End of independence?

By Robin Stride

Results of the Paterson Report will spark a widespread drift away from self-employment to a salaried service for doctors in private practice.

This is the view of the chairman of the Federation of Independent Practitioner Organisations (FIPO) following last month’s release of findings from the long-running former Bishop of Norwich’s inquiry into rogue surgeon Ian Paterson.

Mr Richard Packard

Mr Richard Packard told Indep­endent Practitioner Today: ‘The changes proposed in the report should lead to greater uniformity in governance processes across hospital providers in both the independent sector and the NHS. This may lead to a greater acceptance of privately-funded care in the UK healthcare landscape. 

‘It is also likely that employment status in the private sector will become polarised, with more senior consultants continuing to work independently and retaining their professional autonomy, while newer consultant providers are employed.’

He added: ‘I believe that both these shifts are likely to become marked within the next five years.’

Far-reaching changes

Consultants now await the outcome of the Government’s verdict on the report’s wide-ranging recommendations, which herald some far-reaching changes for independent practitioners.

Private doctors already face a huge defence cover shake-up under Government proposals published in 2018. These argued the merits of insurance over the discretionary cover provided by traditional medical defence organisations.

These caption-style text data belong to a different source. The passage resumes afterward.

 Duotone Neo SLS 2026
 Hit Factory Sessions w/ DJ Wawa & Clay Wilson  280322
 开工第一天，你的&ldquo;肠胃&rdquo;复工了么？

This has been backed by private hospitals who say they have long wanted fully comprehensive insurance indemnity cover to replace the ‘simply not tenable’ discretionary system.

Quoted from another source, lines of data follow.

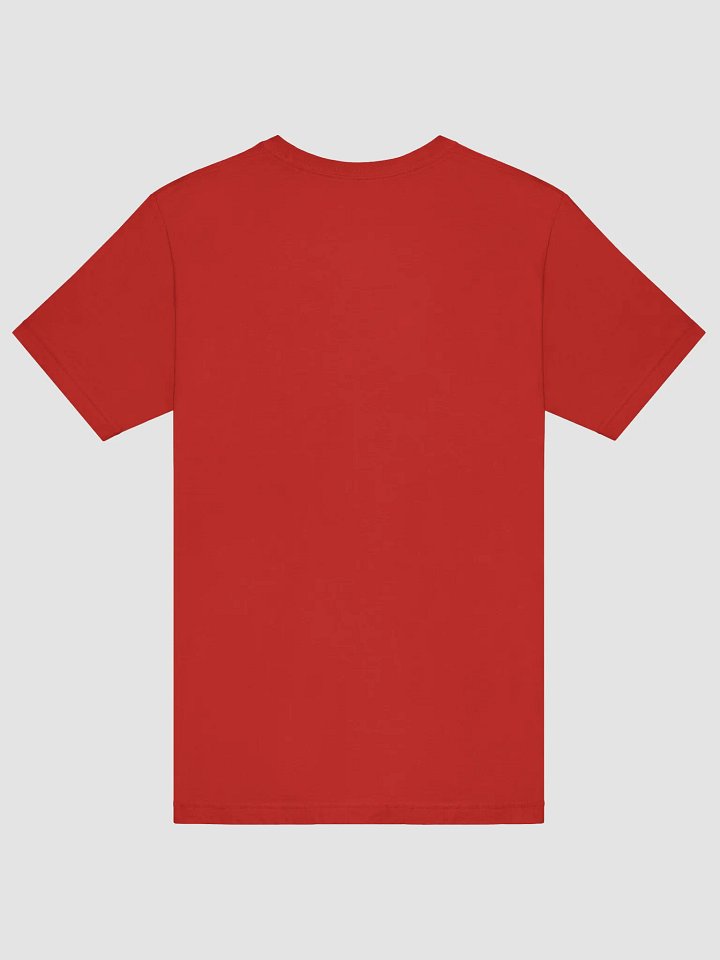 Grumpy Cat Coffee Warning T-Shirt product image (3)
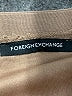 Foreign Exchange Brown Formal Skirt Size L - photo 4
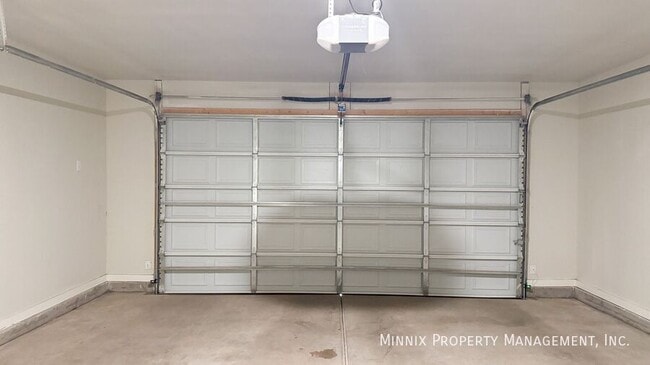 Building Photo - 5518 120th St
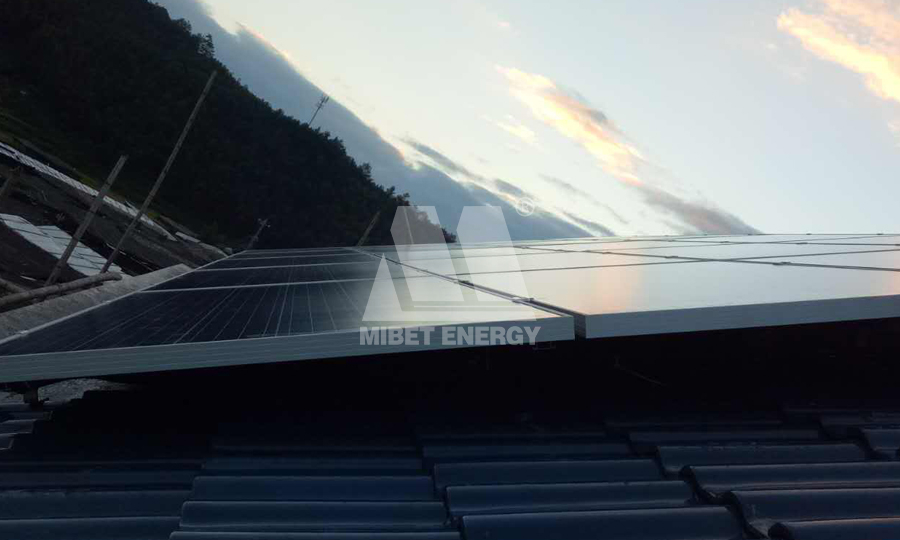 �ֲ�ʽ���Ч��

Paterson’s defence body did not cover his malpractice, as his cover was discretionary, and it refused to settle claims, as his actions were considered criminal rather than negligent. 

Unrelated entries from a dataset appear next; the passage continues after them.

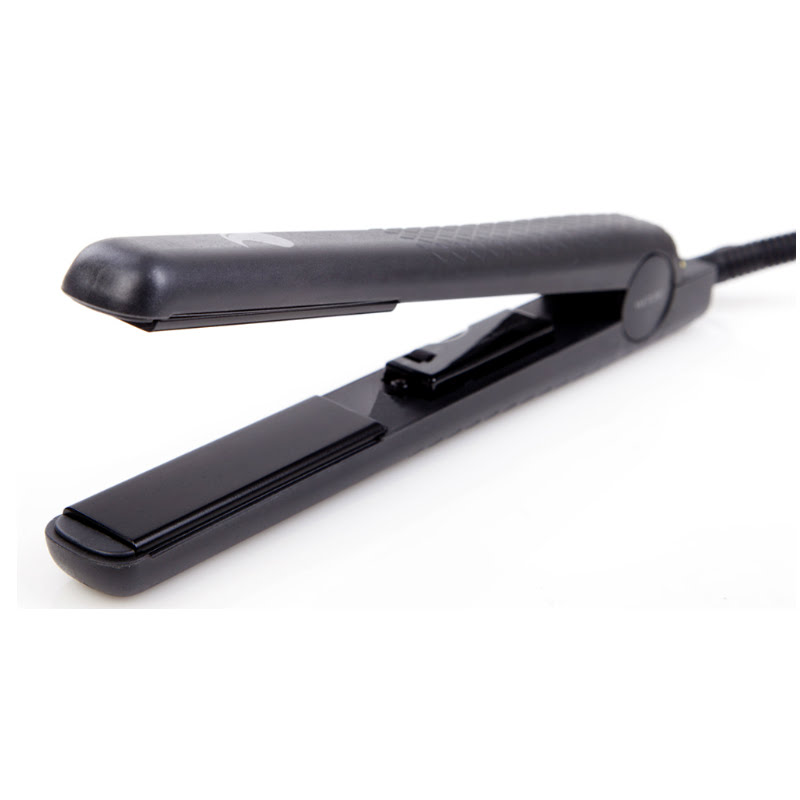 ווטליין מחליק  שיער Black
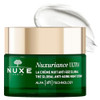 Nuxe Nuxuriance Ultra Global Anti-Aging Night Cream With Hyaluronic Acid And Alfa 3R Technology Revitalize Renewing Resurfacing Treat 1.7 Fl Oz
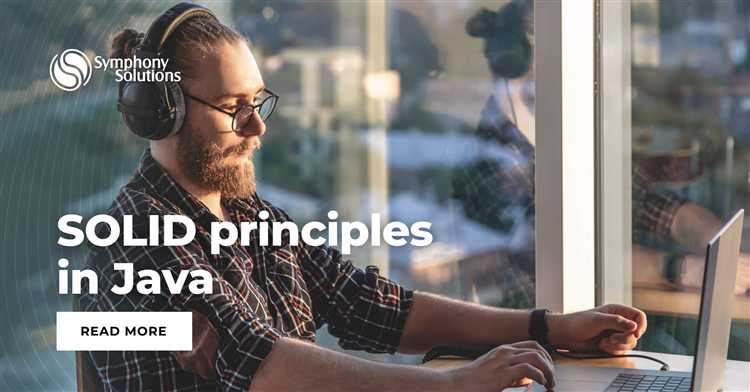 Применение открытости/закрытости при проектировании интерфейсов в Java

Now the inquiry wants an urgent review of medical indemnity to prevent discretionary withdrawal of cover. 

Some other of its recommendations would mean upheaval for doctors and the surmounting of difficult barriers, according to a FIPO analysis, starting today on page 15. These include:

Consent: The inquiry recommends a standard ‘cooling-off period’ to allow reflection on treatment choices. But this could mean routine extra consent clinic appointments before NHS/private hospital admission, which has funding implications.

Procedure coding: This differs between the private and NHS sectors. FIPO favours the latter as
universal currency to allow for accurate data capture of complex procedures.

Multidisciplinary team meetings: Moves to make them routine for appropriate private patients raise the issue of who pays.

Complaints: It is likely all private hospital providers will be mandated to subscribe to the Independent Sector Complaints Adjudication Service, FIPO believes.

Transparency: The private sector will have to disclose more information such as what practising privileges are held, defence arrangements and provisions for sick patient transfers.

Investigating poor practice: The report does not say what immediate measures are needed if a perceived safety risk arises from institutional systematic failures. FIPO says the patient safety issue needs clear guidance: ‘A contextual understanding is necessary before any precipitate actions are taken against individuals.’

Medical advisory committees: Significant reform is likely.

Corporate accountability: FIPO expects private hospitals and their groups will be wholly or partially liable for individual doctor’s actions working in them. 

Patient recall: A co-ordinated protocol across sectors for a comprehensive recall of patients, if necessary.

Information on consultants

The Paterson Report also called for a single repository of whole-practice consultant information, available to managers and healthcare professionals.

Under a pre-existing initiative from NHS Digital and the Private Healthcare Information Network (PHIN), there is now a consultation – closing on 31 March – on the next part of a programme to align private healthcare data with NHS recorded activity.

It is hosted on the NHS Digital Consultation Hub and wants doctors’ views, among others, ‘to help shape the future changes’.

Known as the Acute Data Align­ment Programme (ADAPt), PHIN will share the national dataset of private admitted patient care in England with NHS Digital, ‘creating a single source of healthcare data in England’.

Its ability to become the ‘repository’ called for remains to be seen. PHIN provides access for patients to search information on around 2,500 consultants so far, covering both their NHS and private practice.

But another possibility could involve IT specialist Healthcode’s Private Practice Register (PPR), which has been signed up to so far by over 16,000 health professionals.